[EXERCISE BRIEF] Reproduce exactly the lines of this material that begin at the line with "Other - California Republic HAT/CAP" and end at the line with "供應(yīng)euloopols-200氣密性檢測儀 差壓檢測儀 檢測儀", both included. Omit the pictures and everything else.

[TASK MATERIAL]
- - -

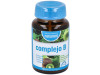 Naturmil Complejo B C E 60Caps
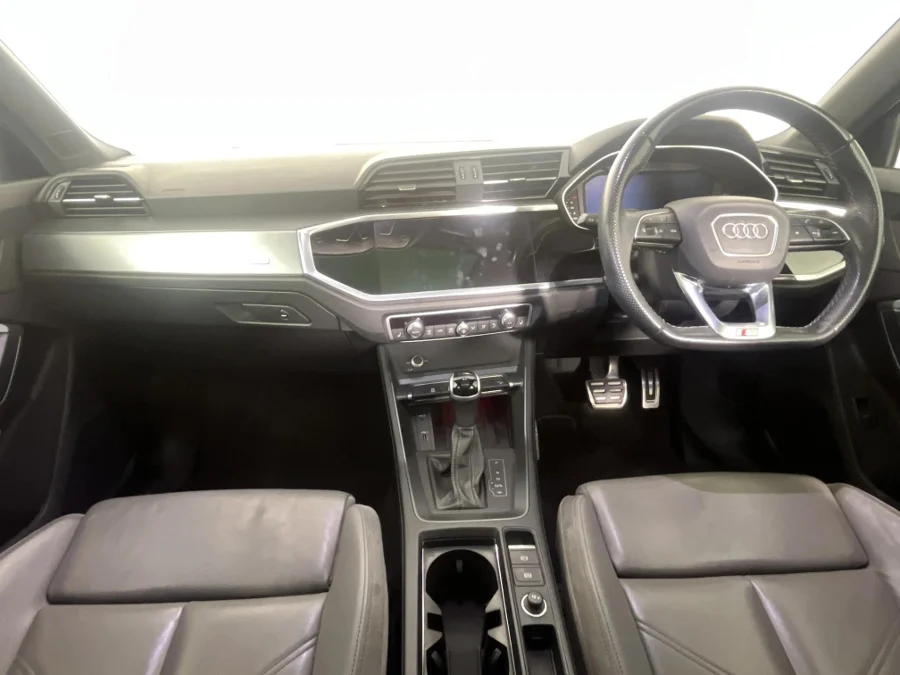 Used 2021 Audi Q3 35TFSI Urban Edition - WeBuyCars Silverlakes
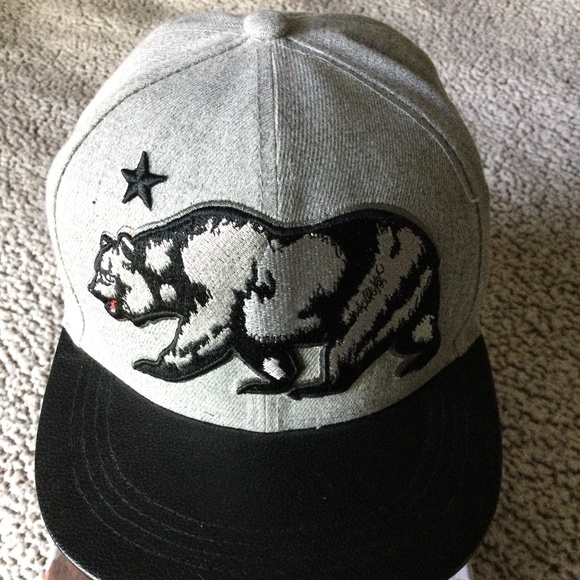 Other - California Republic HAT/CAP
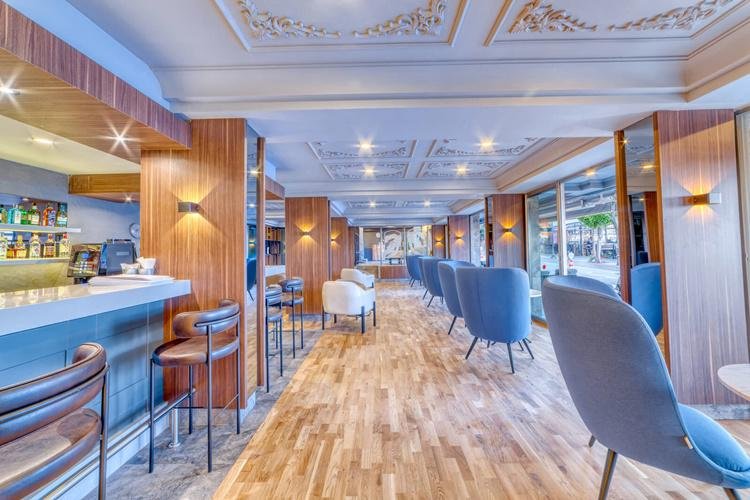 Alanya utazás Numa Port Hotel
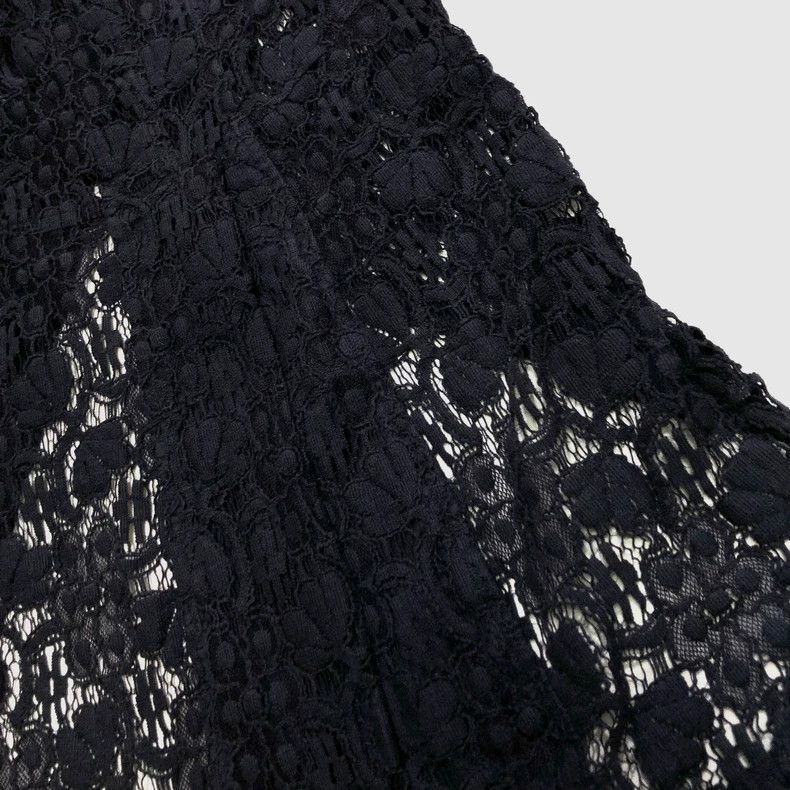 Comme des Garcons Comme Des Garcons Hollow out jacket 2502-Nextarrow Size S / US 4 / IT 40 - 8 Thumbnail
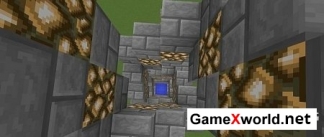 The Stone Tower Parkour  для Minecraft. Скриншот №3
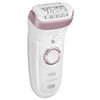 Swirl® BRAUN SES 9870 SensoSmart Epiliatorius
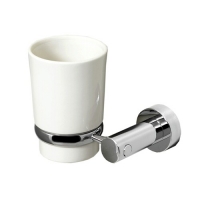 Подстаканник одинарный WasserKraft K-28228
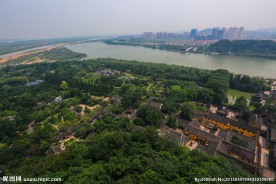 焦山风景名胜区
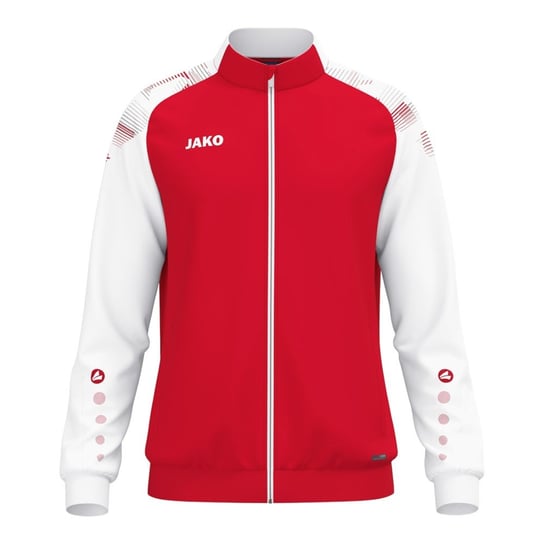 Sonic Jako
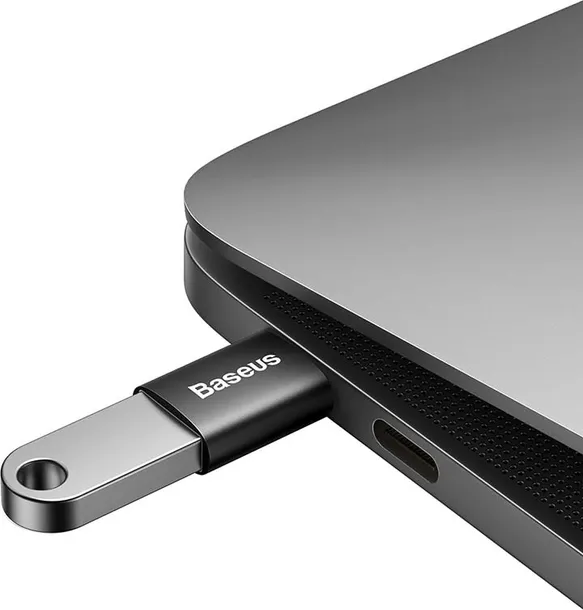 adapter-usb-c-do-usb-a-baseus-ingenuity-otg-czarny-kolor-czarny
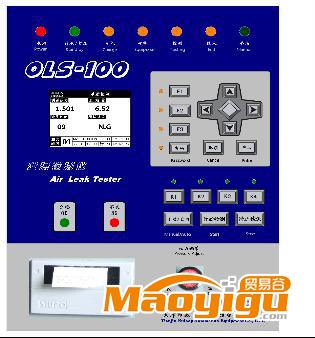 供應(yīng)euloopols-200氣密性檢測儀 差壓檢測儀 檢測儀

- - -

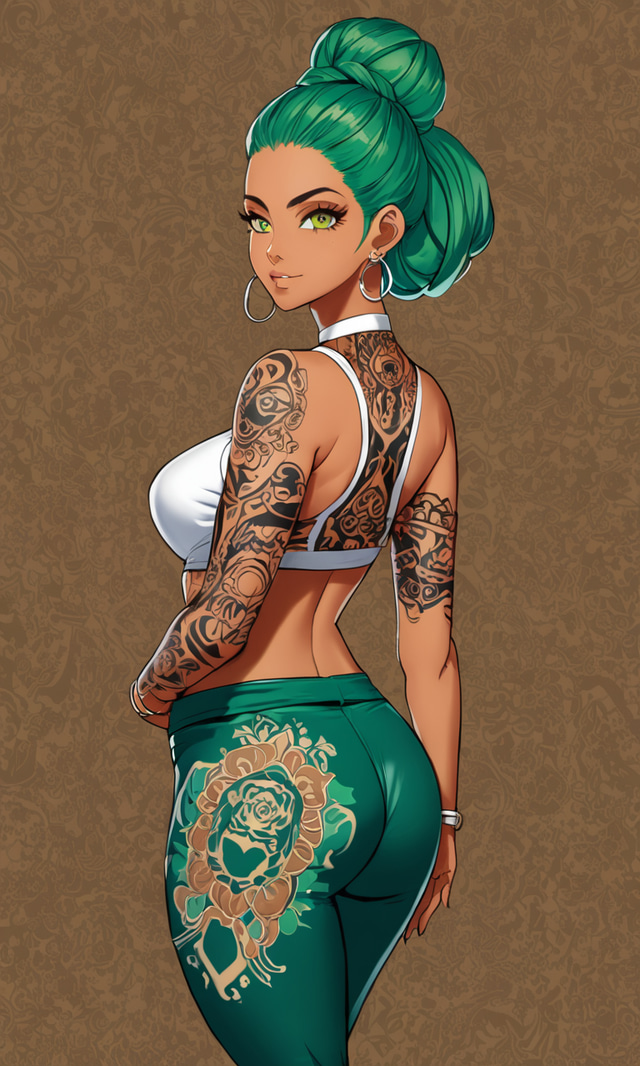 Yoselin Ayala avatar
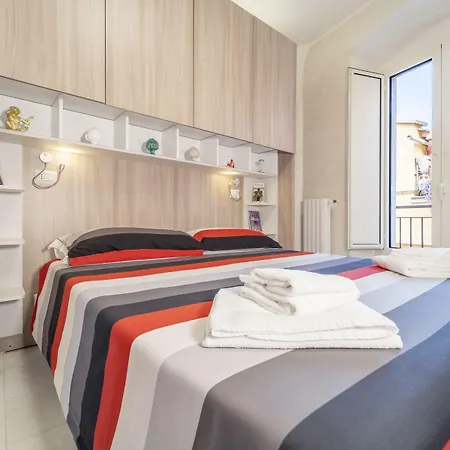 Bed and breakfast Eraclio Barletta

- - -

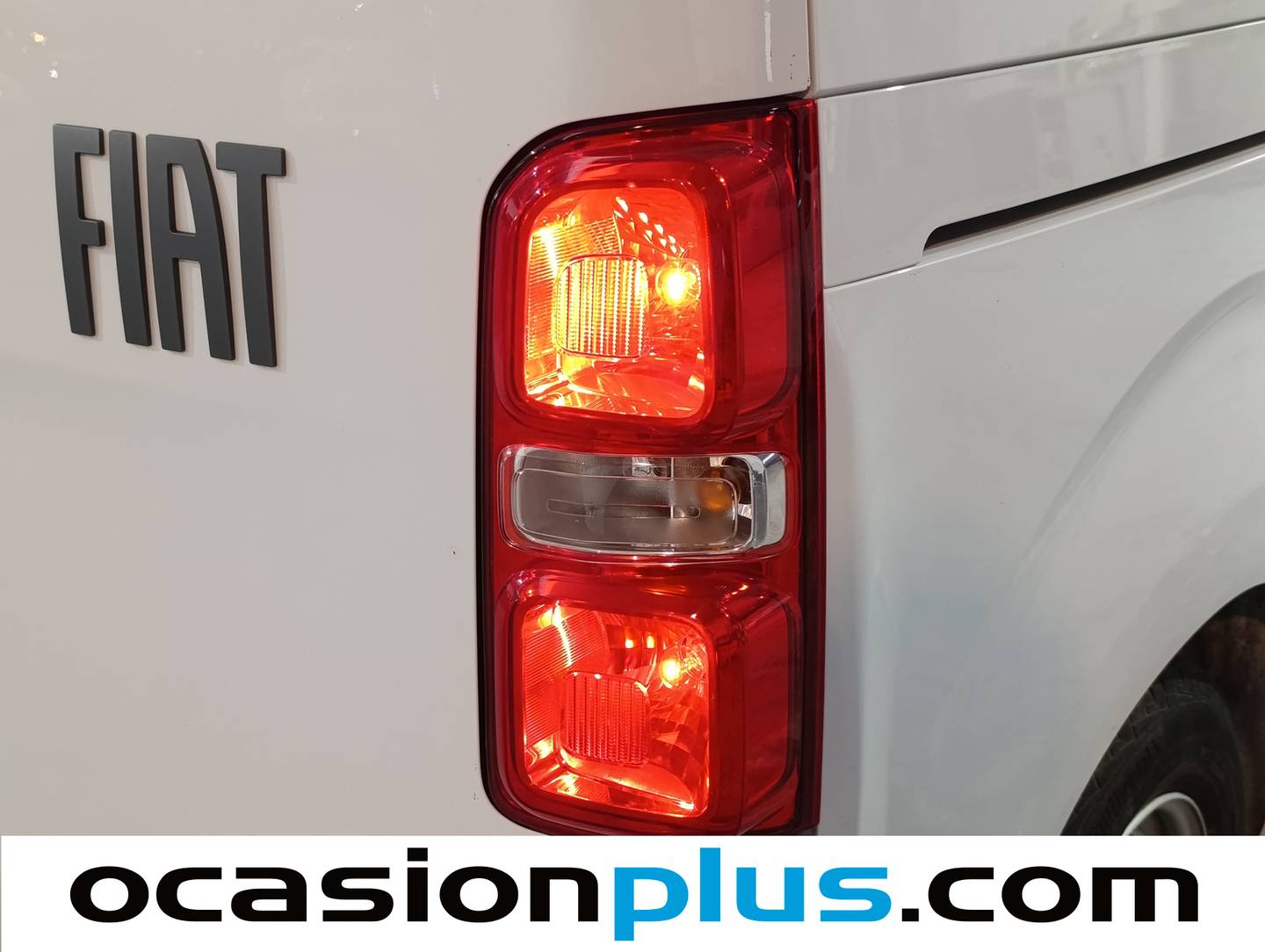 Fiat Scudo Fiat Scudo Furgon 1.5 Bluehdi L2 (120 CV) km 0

- - -

[EXPECTED ANSWER]
 Other - California Republic HAT/CAP
 Alanya utazás Numa Port Hotel
 Comme des Garcons Comme Des Garcons Hollow out jacket 2502-Nextarrow Size S / US 4 / IT 40 - 8 Thumbnail
 The Stone Tower Parkour  для Minecraft. Скриншот №3
 Swirl® BRAUN SES 9870 SensoSmart Epiliatorius
 Подстаканник одинарный WasserKraft K-28228
 焦山风景名胜区
 Sonic Jako
 adapter-usb-c-do-usb-a-baseus-ingenuity-otg-czarny-kolor-czarny
 供應(yīng)euloopols-200氣密性檢測儀 差壓檢測儀 檢測儀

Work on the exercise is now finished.